Hoy se celebran menos bautizos, pero los padres y padrinos tienen una mayor conciencia de su significado. El agua bautismal es símbolo de regeneración de la nueva vida y de limpieza, porque libera al bautizado del pecado original. El cirio simboliza la cruz de Cristo y se enciende con la llama del cirio pascual. Esa luz guiará al bautizado por el camino de la vida. En nuestros días, esta vela se reserva para utilizarla nuevamente al recibir los sacramentos de la comunión, la confirmación y el matrimonio. Los oleos indican que Dios bendice al bautizado y le transmite fortaleza para iniciar la vida cristiana. Otro de los símbolos es la vestidura blanca, que se identifica con la pureza y la inocencia. El acto de colocar la capucha sobre la cabeza del bautizado representa la llegada del Espíritu Santo al nuevo miembro de la comunidad cristiana. El oficiante, los padres y los padrinos realizan cinco cruces como señal de entrada en la Iglesia.

No sabemos con qué sueñan los bebés cuando sonríen, ni qué están pensando cuando miran fíjamente sin expresión alguna, como si fueran simples muñecos de carne. No sé qué dicen los sabios del cerebro y de la mente, pero es posiblemente en este aparente inmovilismo de los primeros estadios de la vida, cuando se configuran las estructuras del asiento de la conciencia. Actividad cerebral, mente, alma y conciencia constituyen un cuadrinomio que la ciencia apenas ha empezado a atisbar.

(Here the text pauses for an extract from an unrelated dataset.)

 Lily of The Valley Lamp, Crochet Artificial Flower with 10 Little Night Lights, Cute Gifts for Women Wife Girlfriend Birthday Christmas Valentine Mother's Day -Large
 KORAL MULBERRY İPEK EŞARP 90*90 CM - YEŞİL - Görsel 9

En el terreno humano, los asistentes suelen estar pendientes de la reacción del infante. Algunos bebés, cosa natural, por otra parte, lloran al sentir el agua fría sobre su suave cabecita de pelusa, acostumbrada a las caricias con mano tibia. Miguel Ángel no lloró, pero además a mi hermana y a mí nos pareció que tras la ablución del agua bendita, en su carita se reflejaba la alegría del gran momento. Como si él supiera, con esa intuición sabia de los bebés, lo que acababa de ocurrir: Dios acababa de poner el mundo a sus pies.

Miguel Ángel juntó a familiares, unos de cerca, y otros de lejos. Y hubo aperitivos, comida, bebida y charla. Al final, Marisol y Jose, papás felices de baba, nos regalaron una foto del niño como recuerdo, con la fecha del día. ¡Que el Señor bendiga a los cuatro! Ah, me faltaba Nicolás, el hermanito de tres años, de lengua de trapo y rizos de querubín.